The more egregious trade "candidate" Jeff Schultz mentioned is Michael Harris II. Again, Schultz "leaned" towards not trading Harris, but he also mentioned that Harris's hitting is a question mark, which is objectively false.

Harris isn't Aaron Judge at the plate, but he's also not Michael A. Taylor or Victor Robles. In fact, Harris has the fifth-highest wRC+ among CF since 2022. He also has the fifth-highest fWAR, despite not even debuting until the end of May 2022.

Thanks to his production (which includes his excellent hitting, Jeff) and his contract there are no healthy pitchers (McClanahan had a higher trade value in July but is out for the 2024 season) with a higher trade value than Harris who isn't on the Braves (Spencer Strider, again).

I repeat, there is not a single pitcher who has more value than Michael Harris currently has.

Thanks to the eight-year, $72 million contract that has team options for 2031 and 2032, the young CF signed during the 2022 season will max out at $20 million in a season if his final team option is picked up.

Starling Marte, who was worth -0.3 fWAR this season and made $20.75 million is guaranteed another $41.5 million over the next two seasons.

If you trust baseballtradevalues.com, there isn't another pitcher in the same universe with as much surplus value as Harris.

The gap between Michael Harris II and George Kirby's surplus value ($66.8 million) is greater than Mookie Betts's total surplus value ($64.7 million).

There's not a single pitcher worth trading Harris for.

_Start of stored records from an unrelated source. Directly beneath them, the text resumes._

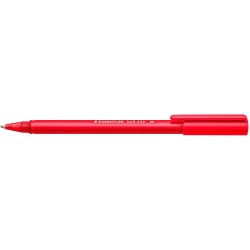 Staedtler Ball 432 Boligrafo Punta de Bola - Punta 0.45mm - Tinta Indeleble - Color Rojo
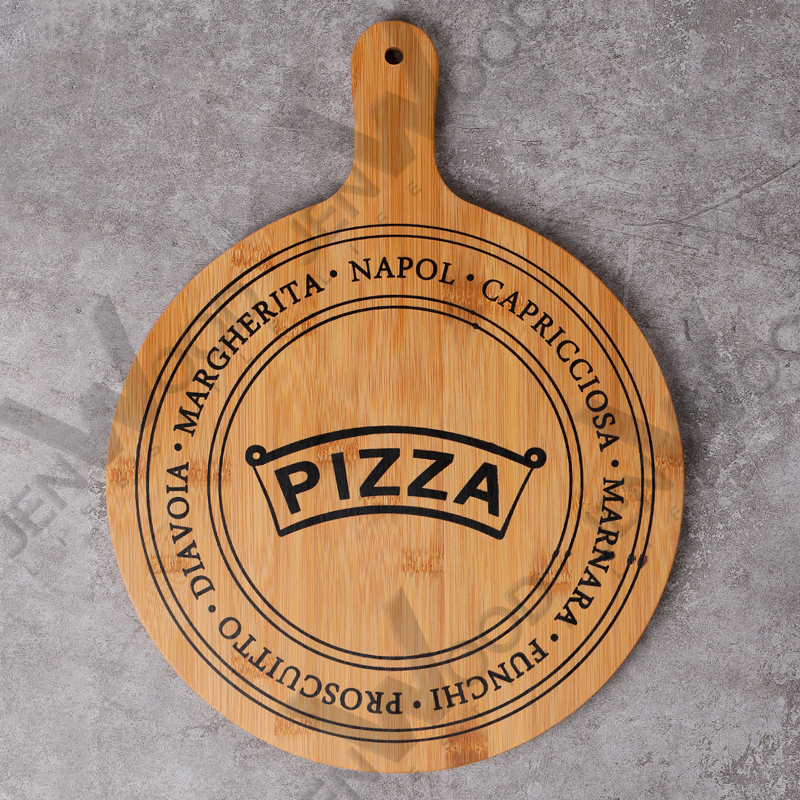 Bamboo cheese board with handle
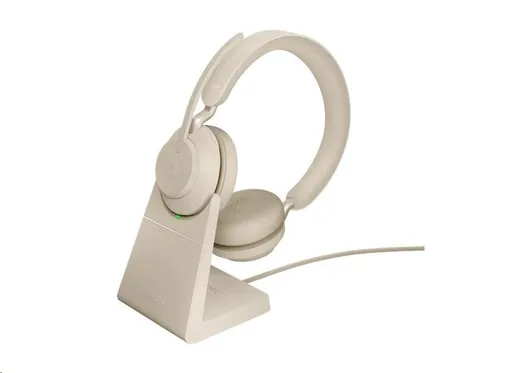 Jabra náhlavná súprava so stojanom Evolve2 65, Link 380a MS, stereo, béžová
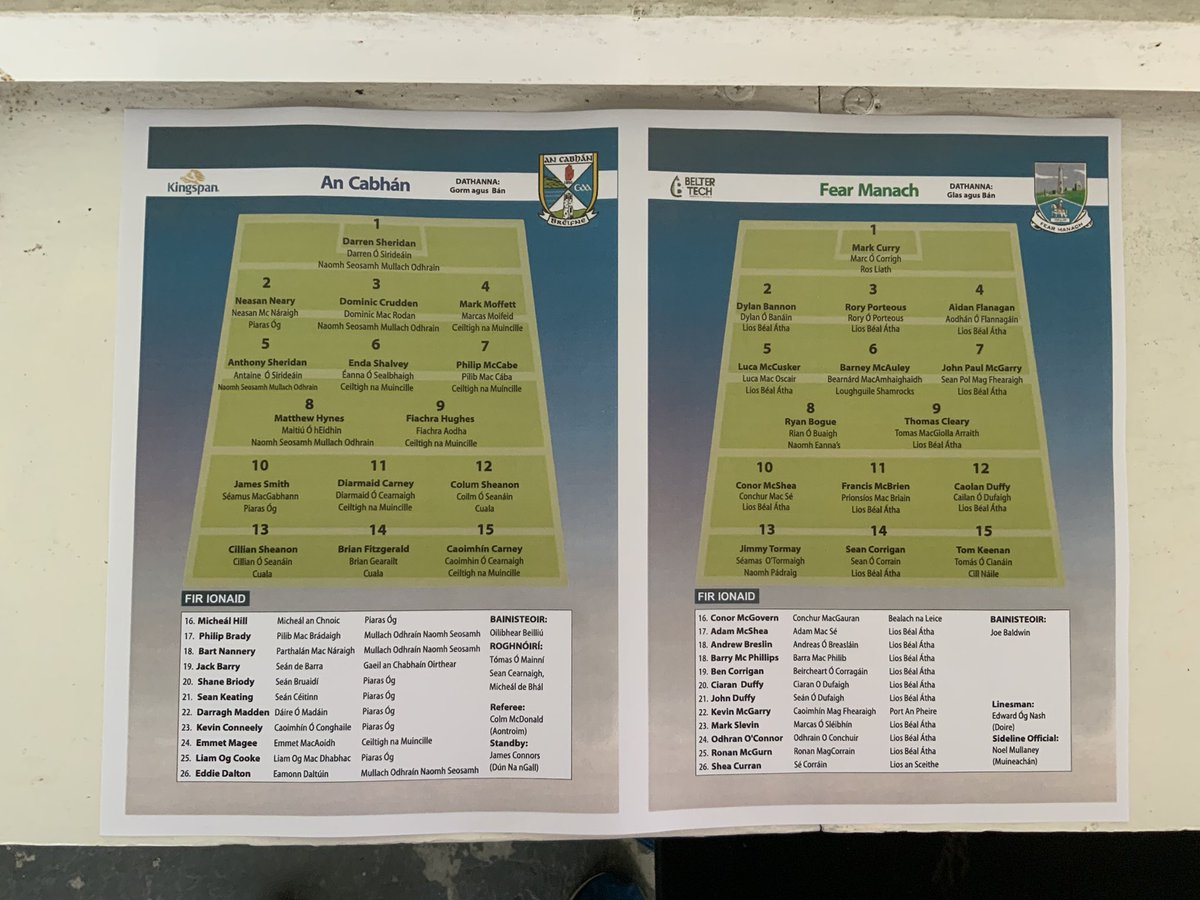 Both teams have released their starting 15 for the game. Just over 3️⃣0️⃣ minutes to throw in. LoryMeagherCup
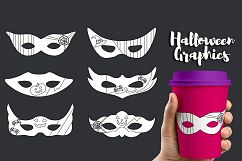 Halloween masks clipart graphics and illustrations Product Image 2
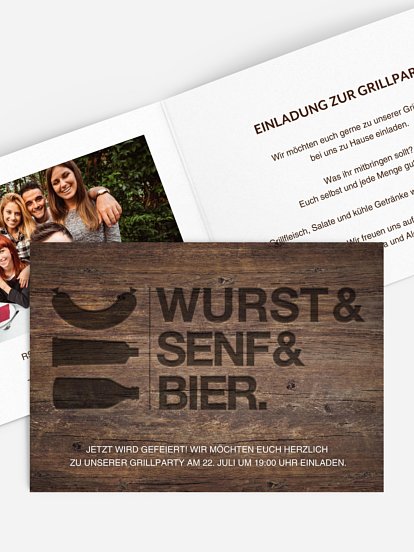 Partyeinladung Brotzeitbrett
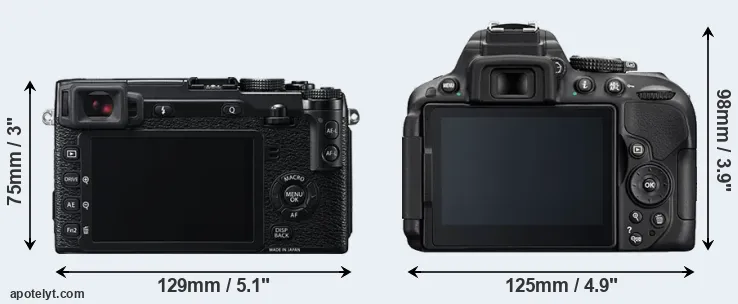 Comparison X-E2 or D5300 rear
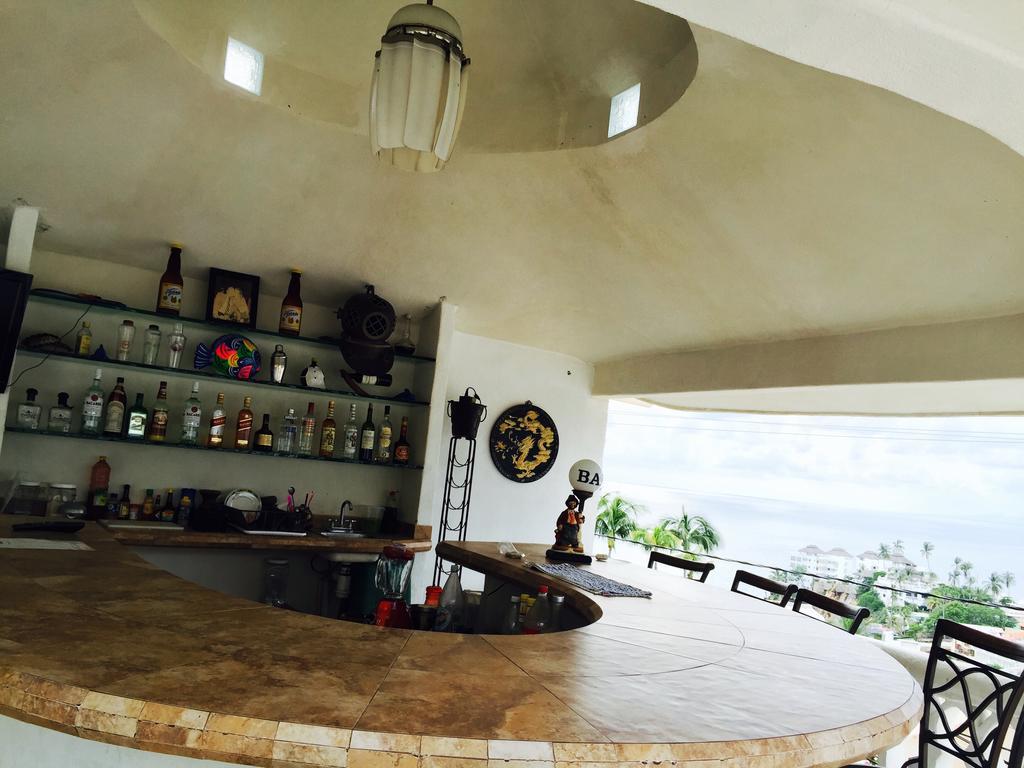 Villa Guitarron Gran Terraza Vista Espectacular 6 Huespedes Piscina Gigante Acapulco Bagian luar foto
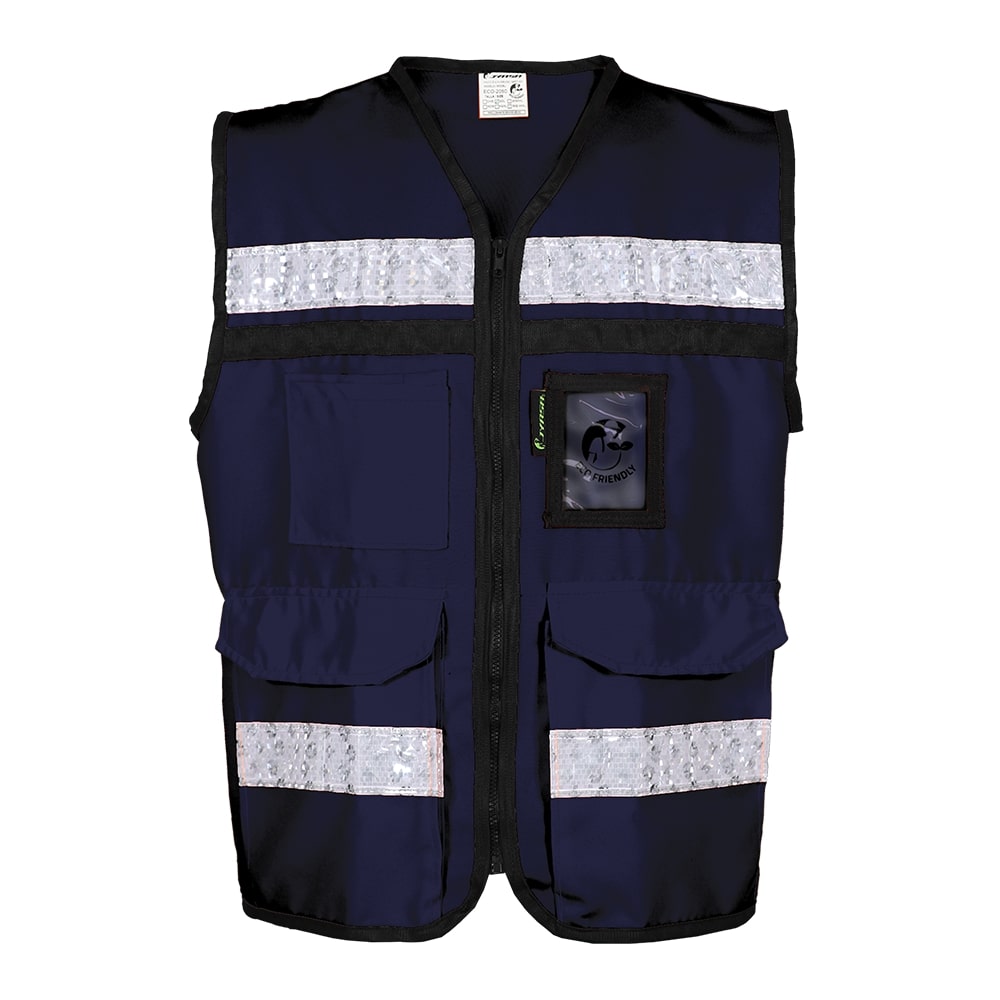 CHALECO AZUL CERRADO  TIPO RESCATISTA LIGERO CLASE II TALLA MD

I'll give Schultz the benefit of the doubt when he says "part of a deal for quality SP" that he did not mean packaging Harris with prospects for this hypothetical starting pitcher who is supposed to save the Braves during the postseason (a team who lost because they forgot how to hit for four straight games).

To demonstrate how insane Michael Harris II's trade value is, here's one I put through the simulator:

The Philadelphia Phillies could trade their ace Zack Wheeler, their 2023 most valuable position player by fWAR Bryson Stott, and their top prospect Andrew Painter for just Michael Harris, and the trade simulator would believe that the Braves overpaid by nearly $40 million in surplus value.

Unlike second base, where the Braves could plug in Vaughn Grissom and at least get half of what Albies can produce, there's not another center fielder in sight who could produce what Harris can on the contract the Georgia native is on.

That's just like, your opinion, man

Jeff Schultz is right, at the end of the day, these are just opinions and things shouldn't get personal.

However, there are bad opinions. Bad opinions are worthy of critique.

If Schultz was willing to name pitchers he thought were worth trading Albies or Harris for, perhaps the discourse could be different.

Instead of Schultz tripling down on his opinion, even though he "leans" towards not trading them, (Not to mention he and Mark Bowman are the only people in baseball mentioning the idea, and Bowman stayed away from even the consider stage) we could have a dialogue about whether trading Albies for someone like Gerrit Cole is wise from a myriad of angles.

Since Schultz isn't willing to mention a single pitcher, or even discuss why even entertaining the idea of trading two core members of the Braves is a bad idea, however, he is deserving of some criticism.